----- Records supplied -----

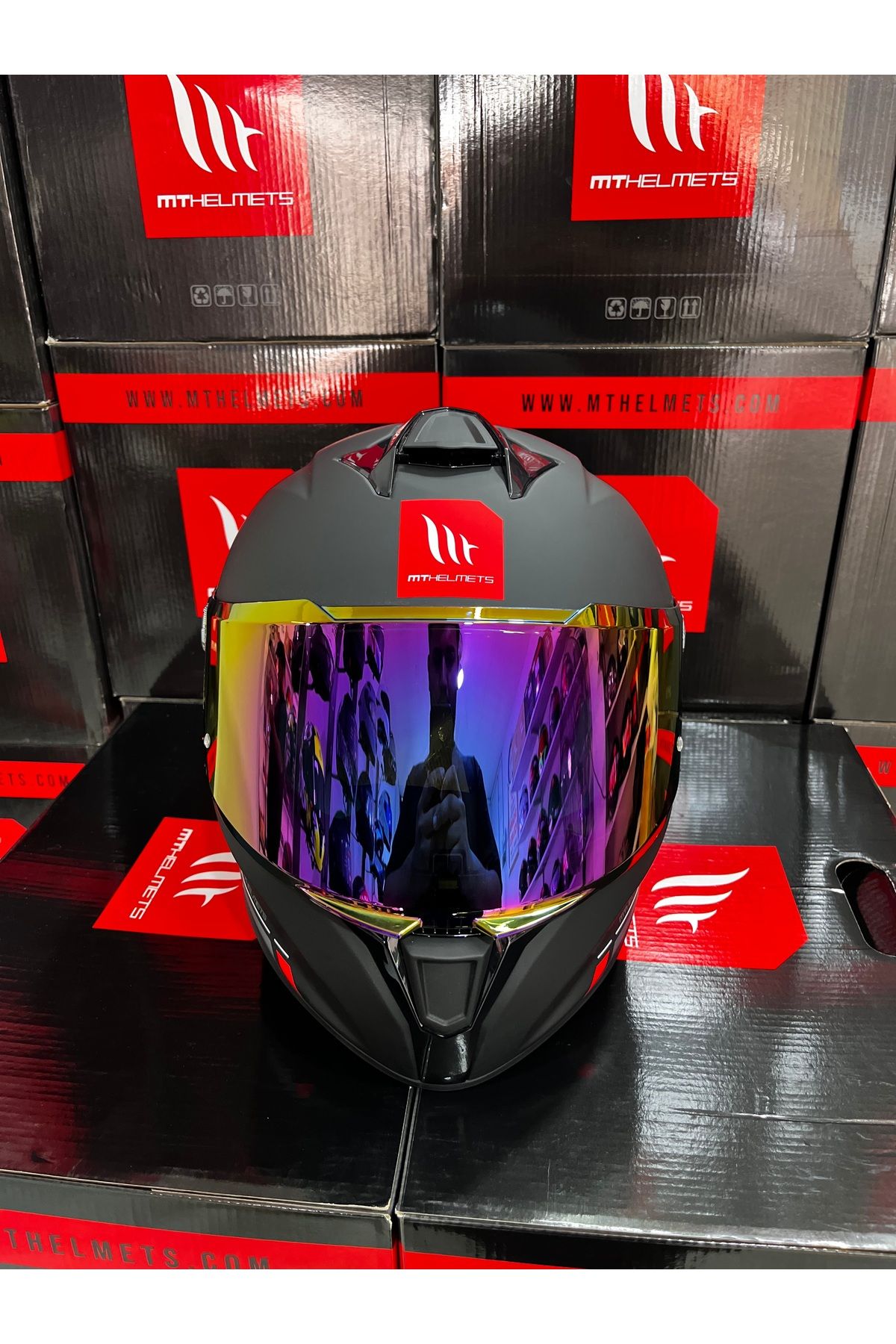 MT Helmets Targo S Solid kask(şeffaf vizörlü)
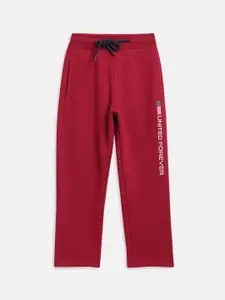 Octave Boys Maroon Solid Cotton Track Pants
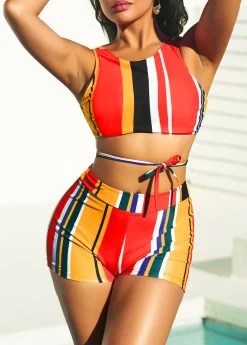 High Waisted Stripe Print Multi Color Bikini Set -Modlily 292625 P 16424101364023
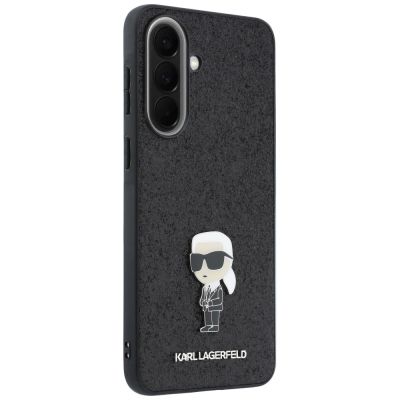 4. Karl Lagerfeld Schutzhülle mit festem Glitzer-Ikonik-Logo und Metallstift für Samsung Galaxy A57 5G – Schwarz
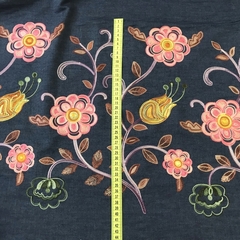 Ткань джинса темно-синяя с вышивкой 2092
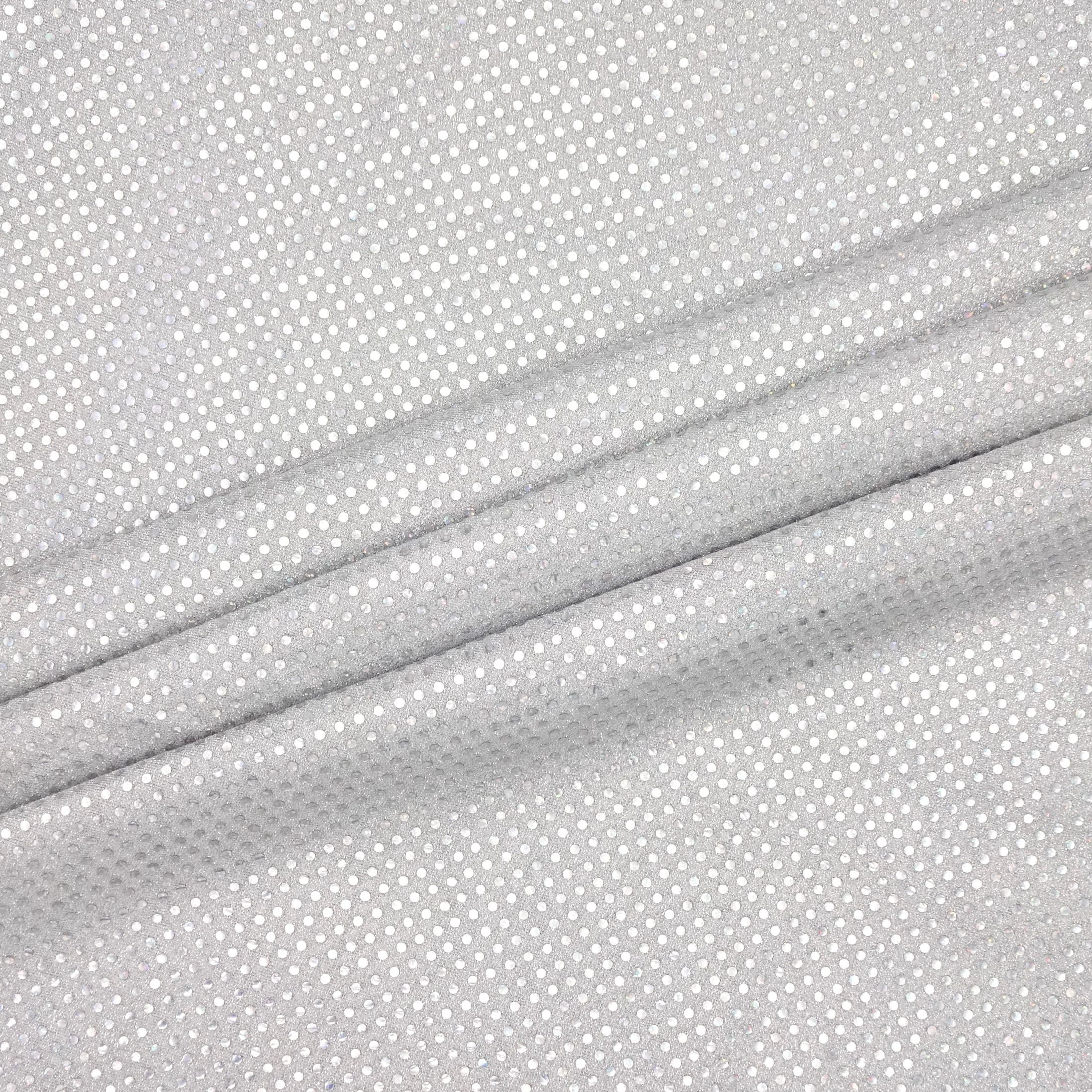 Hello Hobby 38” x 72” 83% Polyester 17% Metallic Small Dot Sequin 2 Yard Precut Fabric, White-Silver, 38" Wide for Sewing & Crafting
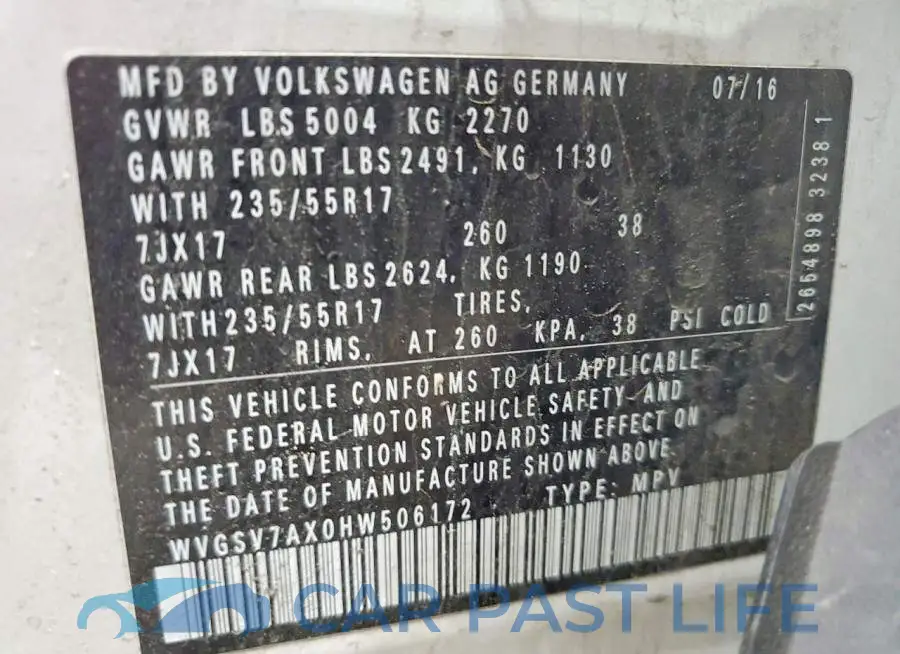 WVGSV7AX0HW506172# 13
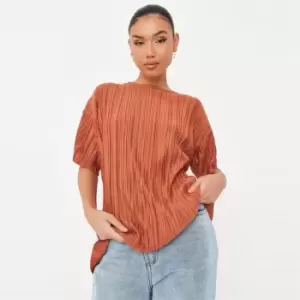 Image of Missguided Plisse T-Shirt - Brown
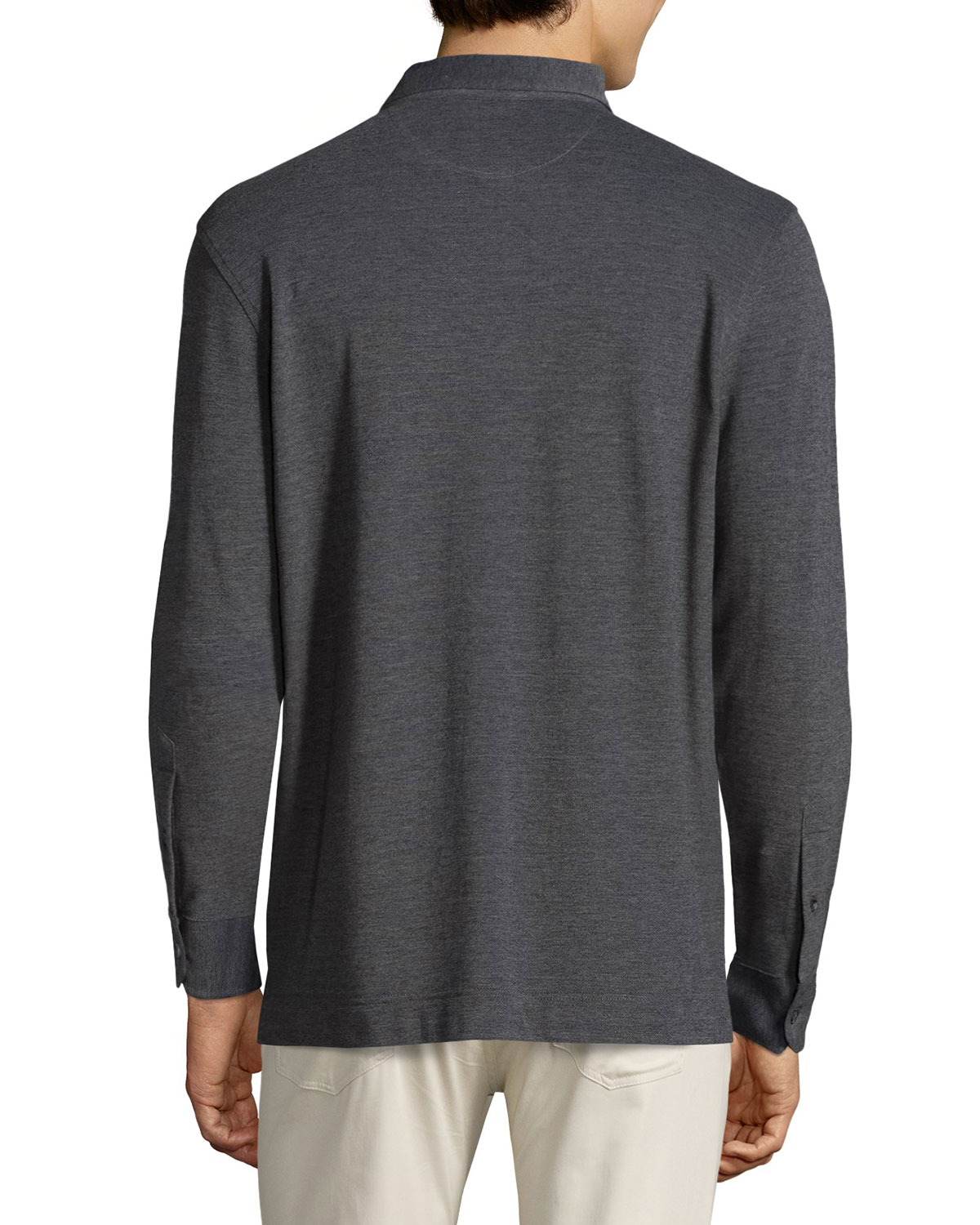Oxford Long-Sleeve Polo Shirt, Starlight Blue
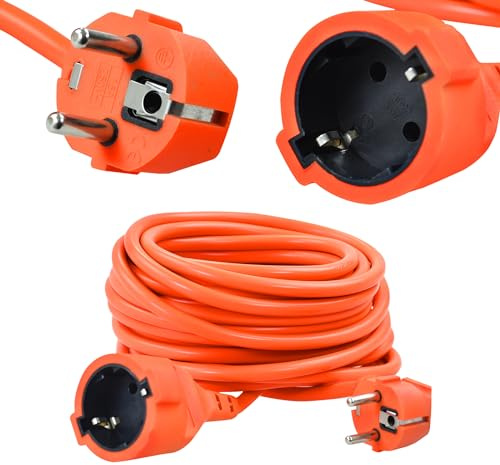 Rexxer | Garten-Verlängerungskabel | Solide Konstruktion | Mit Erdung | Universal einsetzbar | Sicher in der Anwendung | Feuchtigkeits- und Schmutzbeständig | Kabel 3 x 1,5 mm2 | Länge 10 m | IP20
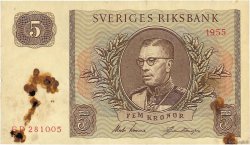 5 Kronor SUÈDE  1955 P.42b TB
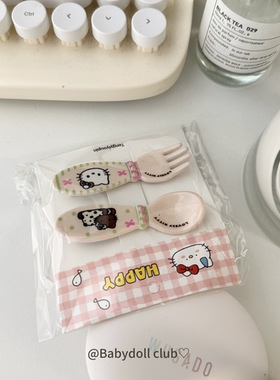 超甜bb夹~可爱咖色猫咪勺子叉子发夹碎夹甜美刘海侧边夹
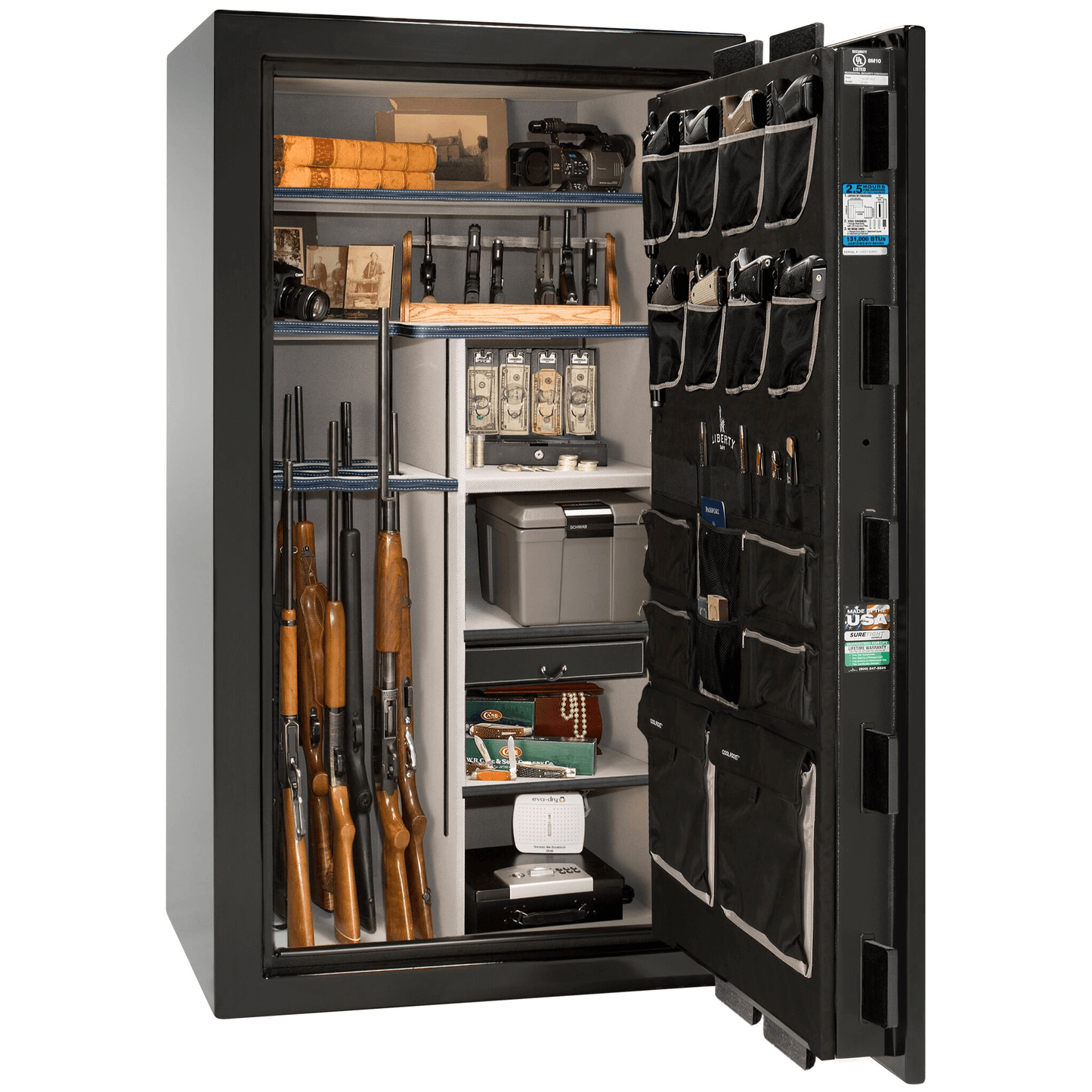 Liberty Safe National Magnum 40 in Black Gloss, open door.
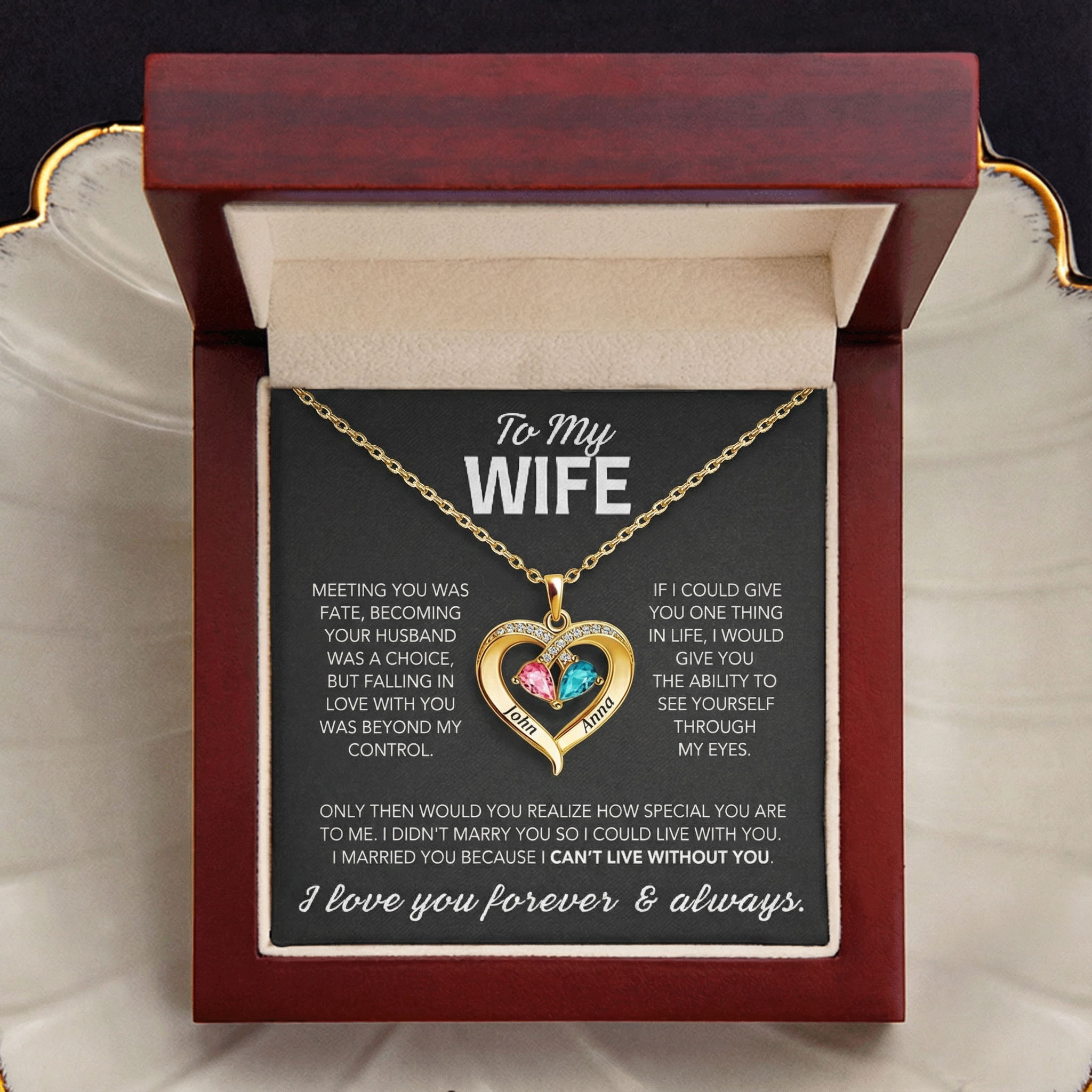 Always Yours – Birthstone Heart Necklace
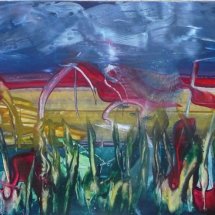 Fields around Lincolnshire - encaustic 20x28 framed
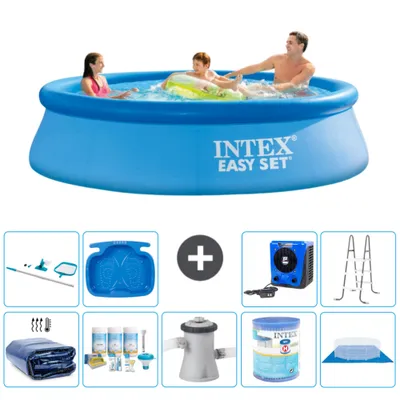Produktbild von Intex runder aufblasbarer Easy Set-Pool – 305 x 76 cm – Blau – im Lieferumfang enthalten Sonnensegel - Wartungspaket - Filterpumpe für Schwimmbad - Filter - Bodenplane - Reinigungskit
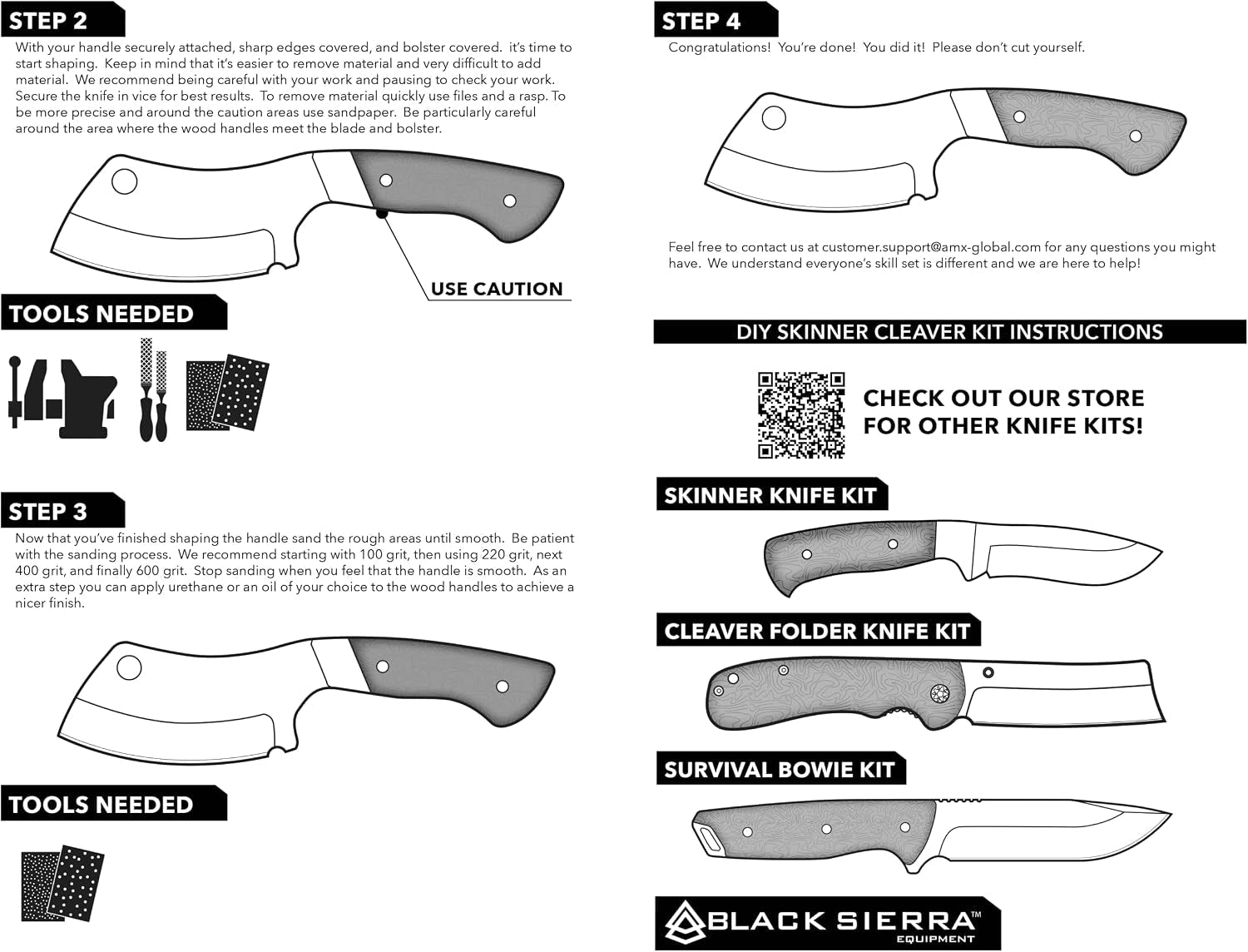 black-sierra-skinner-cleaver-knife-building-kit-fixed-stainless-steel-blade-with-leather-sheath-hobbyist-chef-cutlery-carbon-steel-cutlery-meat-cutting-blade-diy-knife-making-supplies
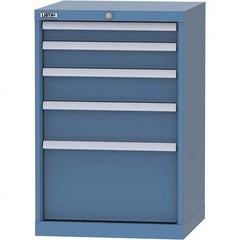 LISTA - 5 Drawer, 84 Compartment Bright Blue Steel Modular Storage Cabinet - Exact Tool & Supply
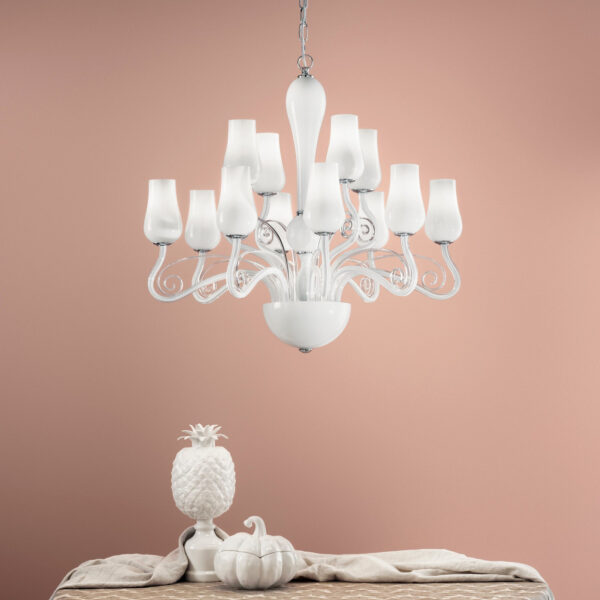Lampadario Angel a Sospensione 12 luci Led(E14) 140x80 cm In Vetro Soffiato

-----

» **Task prompt**
Every line above gets copied exactly; none of the pictures do.

» **Result**
 MT Helmets Targo S Solid kask(şeffaf vizörlü)
 Octave Boys Maroon Solid Cotton Track Pants
 High Waisted Stripe Print Multi Color Bikini Set -Modlily 292625 P 16424101364023
 4. Karl Lagerfeld Schutzhülle mit festem Glitzer-Ikonik-Logo und Metallstift für Samsung Galaxy A57 5G – Schwarz
 Ткань джинса темно-синяя с вышивкой 2092
 Hello Hobby 38” x 72” 83% Polyester 17% Metallic Small Dot Sequin 2 Yard Precut Fabric, White-Silver, 38" Wide for Sewing & Crafting
 WVGSV7AX0HW506172# 13
 Image of Missguided Plisse T-Shirt - Brown
Oxford Long-Sleeve Polo Shirt, Starlight Blue
 Rexxer | Garten-Verlängerungskabel | Solide Konstruktion | Mit Erdung | Universal einsetzbar | Sicher in der Anwendung | Feuchtigkeits- und Schmutzbeständig | Kabel 3 x 1,5 mm2 | Länge 10 m | IP20
 5 Kronor SUÈDE  1955 P.42b TB
 超甜bb夹~可爱咖色猫咪勺子叉子发夹碎夹甜美刘海侧边夹
 Liberty Safe National Magnum 40 in Black Gloss, open door.
 Always Yours – Birthstone Heart Necklace
 Fields around Lincolnshire - encaustic 20x28 framed
Produktbild von Intex runder aufblasbarer Easy Set-Pool – 305 x 76 cm – Blau – im Lieferumfang enthalten Sonnensegel - Wartungspaket - Filterpumpe für Schwimmbad - Filter - Bodenplane - Reinigungskit
 black-sierra-skinner-cleaver-knife-building-kit-fixed-stainless-steel-blade-with-leather-sheath-hobbyist-chef-cutlery-carbon-steel-cutlery-meat-cutting-blade-diy-knife-making-supplies
 LISTA - 5 Drawer, 84 Compartment Bright Blue Steel Modular Storage Cabinet - Exact Tool & Supply
Lampadario Angel a Sospensione 12 luci Led(E14) 140x80 cm In Vetro Soffiato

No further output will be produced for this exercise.